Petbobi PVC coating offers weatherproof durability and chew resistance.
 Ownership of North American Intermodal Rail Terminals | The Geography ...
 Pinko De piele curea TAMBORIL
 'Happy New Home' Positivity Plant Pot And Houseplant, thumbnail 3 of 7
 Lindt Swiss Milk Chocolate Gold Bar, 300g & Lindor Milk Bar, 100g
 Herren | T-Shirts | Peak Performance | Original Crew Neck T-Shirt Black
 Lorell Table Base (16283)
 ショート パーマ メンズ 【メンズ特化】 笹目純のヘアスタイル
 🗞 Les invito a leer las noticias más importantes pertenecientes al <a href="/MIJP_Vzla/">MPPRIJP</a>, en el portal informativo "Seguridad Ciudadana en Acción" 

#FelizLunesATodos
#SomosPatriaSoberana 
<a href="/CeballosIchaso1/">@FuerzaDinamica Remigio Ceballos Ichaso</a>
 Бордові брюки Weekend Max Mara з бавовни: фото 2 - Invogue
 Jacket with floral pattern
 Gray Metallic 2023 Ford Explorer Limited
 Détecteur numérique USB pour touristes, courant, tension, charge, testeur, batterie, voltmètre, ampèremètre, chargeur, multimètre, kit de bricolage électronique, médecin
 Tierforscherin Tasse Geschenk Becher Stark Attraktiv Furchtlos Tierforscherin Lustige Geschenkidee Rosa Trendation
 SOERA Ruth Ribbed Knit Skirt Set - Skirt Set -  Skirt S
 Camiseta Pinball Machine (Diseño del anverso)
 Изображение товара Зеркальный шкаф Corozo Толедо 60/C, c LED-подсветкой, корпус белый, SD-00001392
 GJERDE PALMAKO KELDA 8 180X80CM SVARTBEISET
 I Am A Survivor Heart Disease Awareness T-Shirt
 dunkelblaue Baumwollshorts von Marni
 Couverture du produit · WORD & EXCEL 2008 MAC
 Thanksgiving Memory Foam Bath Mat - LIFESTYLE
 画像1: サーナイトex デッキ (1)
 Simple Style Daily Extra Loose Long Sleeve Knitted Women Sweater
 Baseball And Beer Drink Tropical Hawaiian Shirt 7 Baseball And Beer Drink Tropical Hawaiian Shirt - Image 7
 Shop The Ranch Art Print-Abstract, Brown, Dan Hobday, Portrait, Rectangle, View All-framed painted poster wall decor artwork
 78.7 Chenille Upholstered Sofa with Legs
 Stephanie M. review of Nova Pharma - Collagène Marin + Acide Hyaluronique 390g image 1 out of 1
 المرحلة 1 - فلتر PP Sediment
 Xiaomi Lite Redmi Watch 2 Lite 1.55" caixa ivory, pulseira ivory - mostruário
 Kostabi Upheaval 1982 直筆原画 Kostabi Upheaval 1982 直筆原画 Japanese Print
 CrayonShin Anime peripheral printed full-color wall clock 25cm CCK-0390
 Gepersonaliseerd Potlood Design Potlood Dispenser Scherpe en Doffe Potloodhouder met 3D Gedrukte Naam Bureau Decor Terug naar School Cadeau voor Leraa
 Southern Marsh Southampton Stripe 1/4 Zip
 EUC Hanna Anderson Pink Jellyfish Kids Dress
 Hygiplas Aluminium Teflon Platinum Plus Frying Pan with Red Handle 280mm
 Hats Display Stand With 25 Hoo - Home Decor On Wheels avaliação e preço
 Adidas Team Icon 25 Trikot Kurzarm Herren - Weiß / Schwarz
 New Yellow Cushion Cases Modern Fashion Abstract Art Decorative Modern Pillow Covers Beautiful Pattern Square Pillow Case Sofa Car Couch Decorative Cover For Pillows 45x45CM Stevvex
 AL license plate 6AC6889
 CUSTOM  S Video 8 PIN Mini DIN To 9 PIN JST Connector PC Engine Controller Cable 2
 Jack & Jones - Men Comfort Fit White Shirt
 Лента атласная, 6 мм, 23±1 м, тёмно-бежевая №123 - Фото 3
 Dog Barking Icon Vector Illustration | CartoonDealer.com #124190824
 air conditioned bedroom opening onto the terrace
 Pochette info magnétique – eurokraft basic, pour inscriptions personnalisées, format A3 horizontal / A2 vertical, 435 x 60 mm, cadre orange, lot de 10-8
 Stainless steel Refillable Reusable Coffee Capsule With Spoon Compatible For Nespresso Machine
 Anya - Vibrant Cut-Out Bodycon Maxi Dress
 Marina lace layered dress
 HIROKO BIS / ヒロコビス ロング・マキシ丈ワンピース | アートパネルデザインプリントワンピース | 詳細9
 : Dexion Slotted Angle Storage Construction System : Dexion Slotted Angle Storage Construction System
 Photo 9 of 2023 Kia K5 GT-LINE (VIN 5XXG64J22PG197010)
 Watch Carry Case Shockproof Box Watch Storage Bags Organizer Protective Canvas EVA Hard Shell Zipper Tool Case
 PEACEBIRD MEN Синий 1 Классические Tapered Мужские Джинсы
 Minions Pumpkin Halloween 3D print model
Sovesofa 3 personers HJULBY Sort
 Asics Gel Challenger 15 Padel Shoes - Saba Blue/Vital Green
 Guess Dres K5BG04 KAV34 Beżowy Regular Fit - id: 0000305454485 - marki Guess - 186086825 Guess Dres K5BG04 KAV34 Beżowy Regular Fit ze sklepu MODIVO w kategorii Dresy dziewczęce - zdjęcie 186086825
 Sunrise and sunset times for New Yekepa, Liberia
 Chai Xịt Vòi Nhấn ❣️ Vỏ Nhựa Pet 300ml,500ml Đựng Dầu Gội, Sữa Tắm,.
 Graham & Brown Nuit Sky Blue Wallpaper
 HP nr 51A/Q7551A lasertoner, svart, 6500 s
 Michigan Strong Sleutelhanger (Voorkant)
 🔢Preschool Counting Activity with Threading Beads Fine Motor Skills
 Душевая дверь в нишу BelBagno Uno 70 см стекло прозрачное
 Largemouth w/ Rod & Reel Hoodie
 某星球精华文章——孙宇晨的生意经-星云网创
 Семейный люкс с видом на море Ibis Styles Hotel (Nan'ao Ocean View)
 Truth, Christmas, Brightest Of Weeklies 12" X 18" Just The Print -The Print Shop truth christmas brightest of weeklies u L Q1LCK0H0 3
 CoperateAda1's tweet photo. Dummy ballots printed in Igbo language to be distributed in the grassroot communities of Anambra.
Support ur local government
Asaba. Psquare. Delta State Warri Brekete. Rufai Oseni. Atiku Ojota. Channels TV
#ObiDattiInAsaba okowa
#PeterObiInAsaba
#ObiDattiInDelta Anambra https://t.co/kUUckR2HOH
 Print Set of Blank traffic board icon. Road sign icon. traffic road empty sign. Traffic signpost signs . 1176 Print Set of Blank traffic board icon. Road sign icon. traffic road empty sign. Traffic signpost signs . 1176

^^^^

» What you should do: Repeat every line of the data word for word until you have repeated the line that contains "Kostabi Upheaval 1982 直筆原画 Kostabi", which is the last one to include.

» Written response:
Petbobi PVC coating offers weatherproof durability and chew resistance.
 Ownership of North American Intermodal Rail Terminals | The Geography ...
 Pinko De piele curea TAMBORIL
 'Happy New Home' Positivity Plant Pot And Houseplant, thumbnail 3 of 7
 Lindt Swiss Milk Chocolate Gold Bar, 300g & Lindor Milk Bar, 100g
 Herren | T-Shirts | Peak Performance | Original Crew Neck T-Shirt Black
 Lorell Table Base (16283)
 ショート パーマ メンズ 【メンズ特化】 笹目純のヘアスタイル
 🗞 Les invito a leer las noticias más importantes pertenecientes al <a href="/MIJP_Vzla/">MPPRIJP</a>, en el portal informativo "Seguridad Ciudadana en Acción" 

#FelizLunesATodos
#SomosPatriaSoberana 
<a href="/CeballosIchaso1/">@FuerzaDinamica Remigio Ceballos Ichaso</a>
 Бордові брюки Weekend Max Mara з бавовни: фото 2 - Invogue
 Jacket with floral pattern
 Gray Metallic 2023 Ford Explorer Limited
 Détecteur numérique USB pour touristes, courant, tension, charge, testeur, batterie, voltmètre, ampèremètre, chargeur, multimètre, kit de bricolage électronique, médecin
 Tierforscherin Tasse Geschenk Becher Stark Attraktiv Furchtlos Tierforscherin Lustige Geschenkidee Rosa Trendation
 SOERA Ruth Ribbed Knit Skirt Set - Skirt Set -  Skirt S
 Camiseta Pinball Machine (Diseño del anverso)
 Изображение товара Зеркальный шкаф Corozo Толедо 60/C, c LED-подсветкой, корпус белый, SD-00001392
 GJERDE PALMAKO KELDA 8 180X80CM SVARTBEISET
 I Am A Survivor Heart Disease Awareness T-Shirt
 dunkelblaue Baumwollshorts von Marni
 Couverture du produit · WORD & EXCEL 2008 MAC
 Thanksgiving Memory Foam Bath Mat - LIFESTYLE
 画像1: サーナイトex デッキ (1)
 Simple Style Daily Extra Loose Long Sleeve Knitted Women Sweater
 Baseball And Beer Drink Tropical Hawaiian Shirt 7 Baseball And Beer Drink Tropical Hawaiian Shirt - Image 7
 Shop The Ranch Art Print-Abstract, Brown, Dan Hobday, Portrait, Rectangle, View All-framed painted poster wall decor artwork
 78.7 Chenille Upholstered Sofa with Legs
 Stephanie M. review of Nova Pharma - Collagène Marin + Acide Hyaluronique 390g image 1 out of 1
 المرحلة 1 - فلتر PP Sediment
 Xiaomi Lite Redmi Watch 2 Lite 1.55" caixa ivory, pulseira ivory - mostruário
 Kostabi Upheaval 1982 直筆原画 Kostabi Upheaval 1982 直筆原画 Japanese Print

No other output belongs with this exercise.